For fifty years politicians, pundits, scholars and others have been trying to figure out what happened in that chapter of US history known as the Vietnam War. Some say the war changed America in profound ways still not understood. Such an event in a nation’s history will generate a great deal of commenting and opining. An example of opining on the subject appeared in the Stars and Stripes piece titled: Vietnam – The loss of American innocence? that was submitted by Terry Leonard.
He was contributing to the Stars and Stripes 50 year commemoration of the Vietnam War. The publication is presenting a series of stories and special projects intended to add context and understanding to the history of that war and to the changes it brought about. The project examines the fighting abroad and the protests, politics and turmoil at home. It includes the voices of veterans who fought and those of others who marched at home for peace.
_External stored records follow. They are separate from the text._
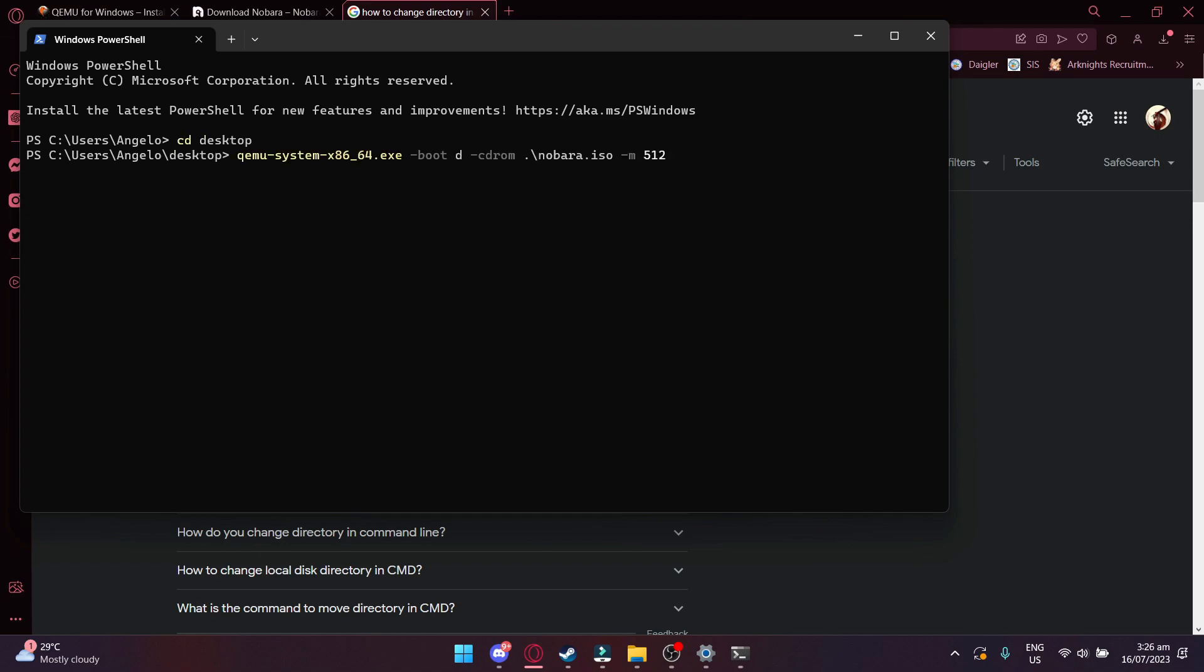After that, you want to type this specific line. After CD-ROM, you want to hit space, dot, slash, and write the file name of the ISO and then dash M. And then you want to set the memory, so you want to type dash M and then set it to either 512-2048 or whatever memory you want to allocate it with.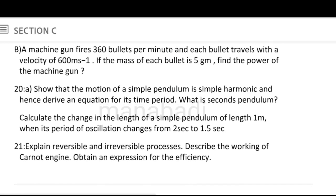Show that the motion of a simple pendulum is simple harmonic, and hence derive an equation for its time period. What is a seconds pendulum? Calculate the change in the length of a simple pendulum of length 1 meter when its period of oscillation changes from 2 seconds to 1.5 seconds.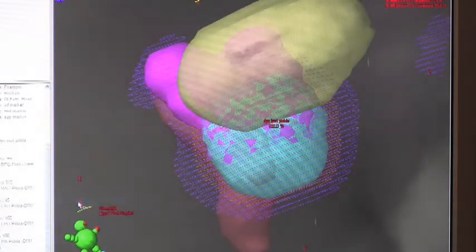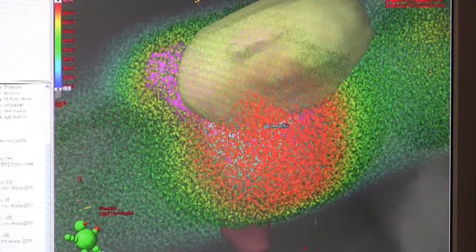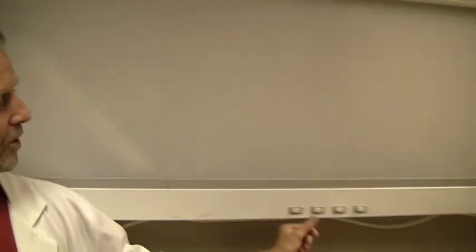Behind us here in this room you will see a view box. This is an antique — well, not truly what might be considered an antique — but this is where I used to hang x-rays up on the board. About five years ago I hung the last x-rays on this view box. The only reason we use it now is to provide a little extra light for the room when we need it.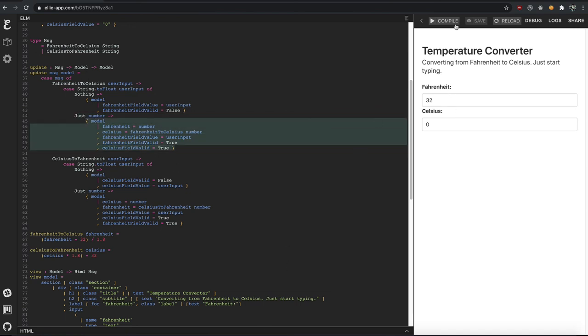So that's how you do basic forms in Elm. In this case, doing a temperature converter from Fahrenheit to Celsius and back. And again, the source code is on GitHub. I'll link it in the description of YouTube. Thank you for your time and hope that helped.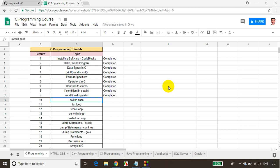Hello everyone, this is Meghnath. In this module, we will learn how to write a switch case and where we can use it in C programming. So let's get started.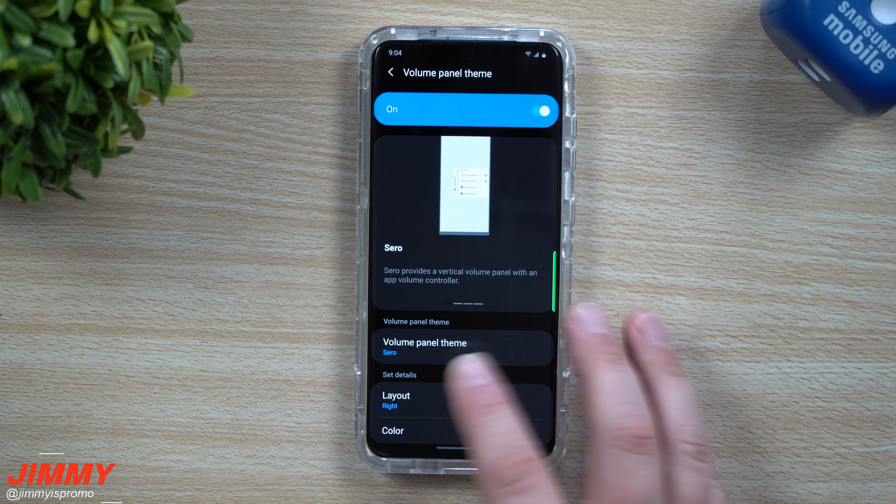Now that you've clicked out of that, going back into the volume panel — when it comes to media you can pause it or mute it, you can mute your notifications, and you can mute your system. You can tap on all of those icons, and the settings icon brings you right back inside Sound Assistant settings.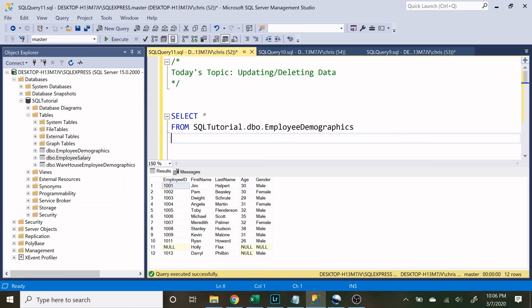What is going on, everybody? My name is Alex Freeberg, and today we're going to be looking at updating and deleting data in a table.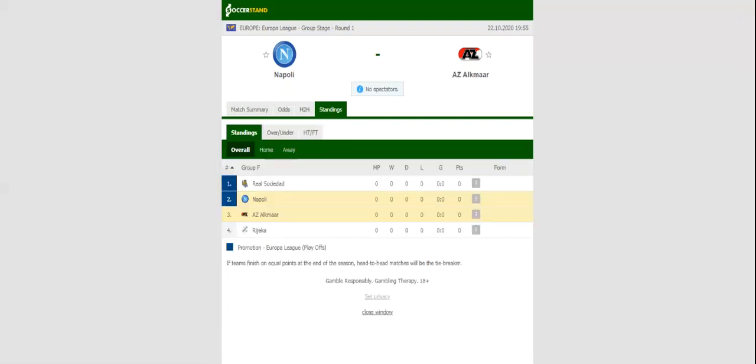Stadio San Paolo will host the Europa League game between Napoli and AZ Alkmaar. The Neapolitans have been having their ups and downs in Serie A this season, with the team continuing to impress at home while struggling on their travels.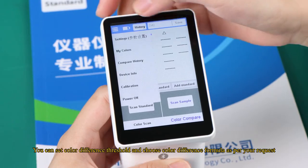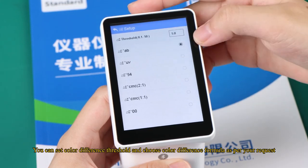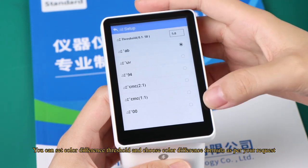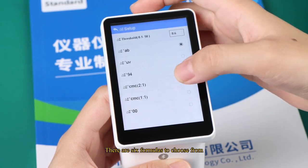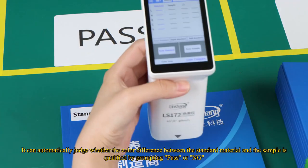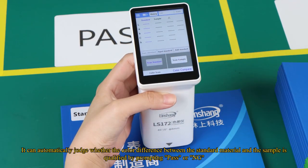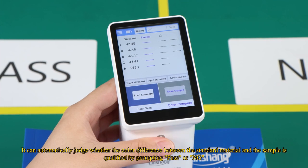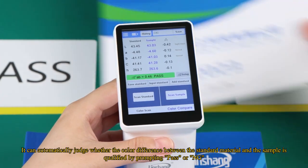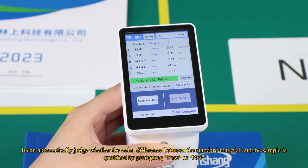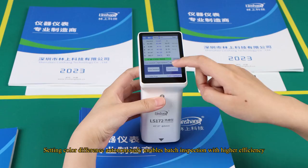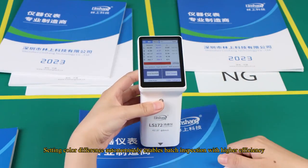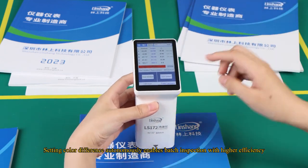You can set color difference threshold and choose color difference formula as per your request. There are six formulas to choose from. It can automatically judge whether the color difference between the standard material and the sample is qualified by prompting pass or NG. Setting color difference autonomously enables batch inspection with higher efficiency.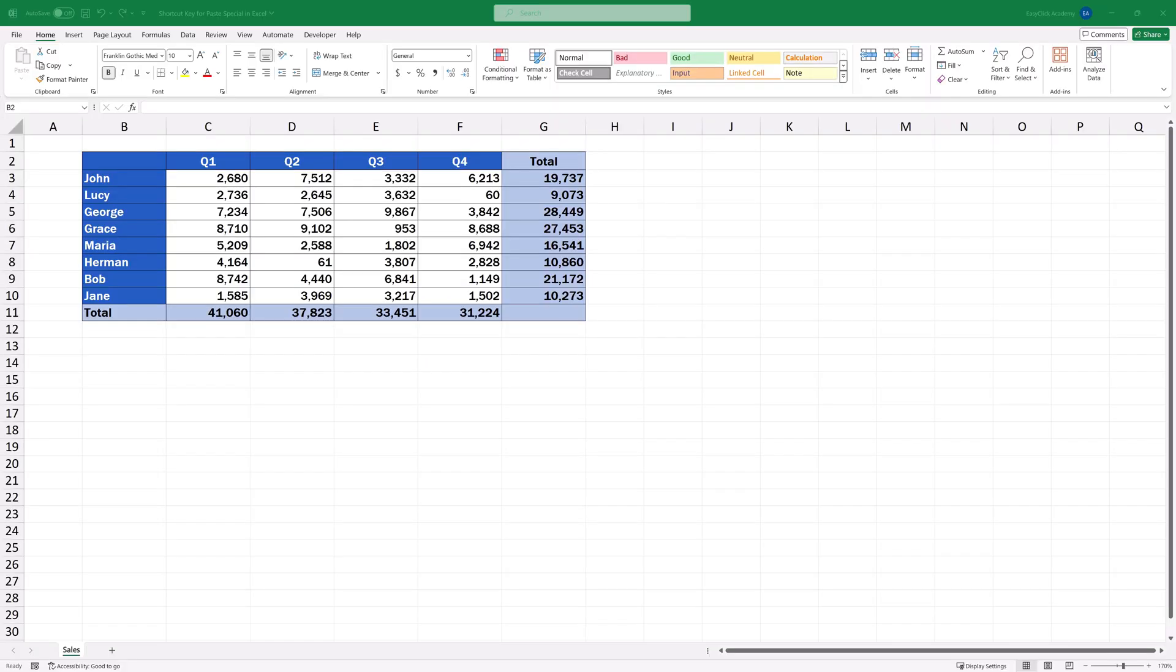There are a number of ways thanks to which we can quickly and easily access the Paste Special option in Excel. Here we'll have a look at one of the most practical ones.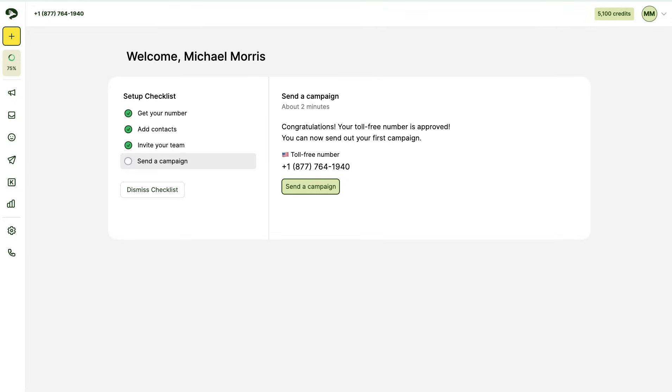Hi, this is Kate from Texla. In this quick video, I'll show you how to send an SMS text campaign.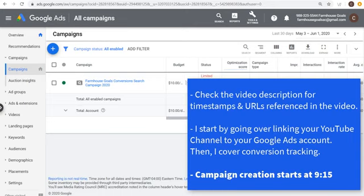What's up everyone. Welcome to the Surfside PPC YouTube channel. Today I'm going to be going over YouTube advertising — I'm going to show you how to create your own YouTube advertising campaigns for your business.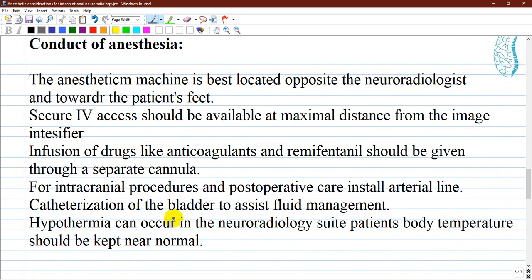Conduct of anesthesia: the anesthetic machine is best located opposite to the neuroradiologist or towards the patient's feet. This keeps it out of the way so imaging equipment can move freely around the patient's head. Patient positioning is especially important if the procedure is to be performed under monitored anesthesia care or conscious sedation. IV access should be available to allow drug and fluid administration at maximal distance from the imaging equipment during fluoroscopy, where most of the radiation is concentrated. Anticoagulants, remifentanil, or sedation should be given through a separate cannula or line.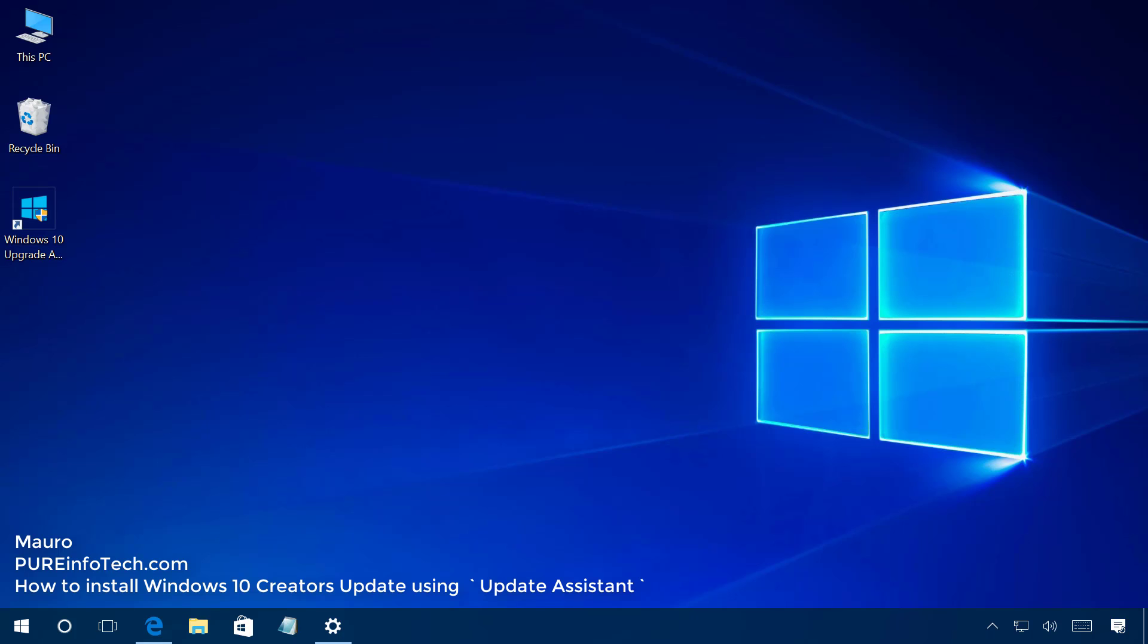Hello guys, this is Maud of Input Infotech.com and on this video we'll be looking at the steps to install the Windows 10 Creators Update on your computer.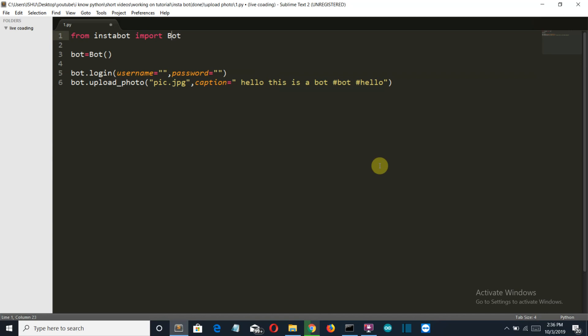So if you have any problem with this script, you can either message me on Instagram. My handle will be below or you can just comment below on this video only. So in the next video, I'll show you the next step of creating an InstaBot. So I'll meet you there. Bye-bye.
Terry Leonard’s piece deals with how the war changed American thinking. He points out that when Neil Armstrong trod on the lunar dust in July of 1969 Americans believed we could do anything. Quickly, our experience in Vietnam changed all that. Starting with young Americans, the belief that we could not trust what the government was telling us rapidly spread to their parents and many politicians.
Vietnam fundamentally changed the universal consciousness of the nation. No longer did we believe there was no limit to American power. Today, many scholars contend the war marked the loss of American innocence. It deeply divided a nation unified by World War II and the division and distrust of government continues to grow.
All this may be true but it is time for America to grab itself by the lapels, slap itself a few times and realize we are an exceptional national created with Godly principles. It is incumbent upon all its citizens to live and act in a way so as to appreciate and maintain all the blessings that have been bestowed upon us all as a nation.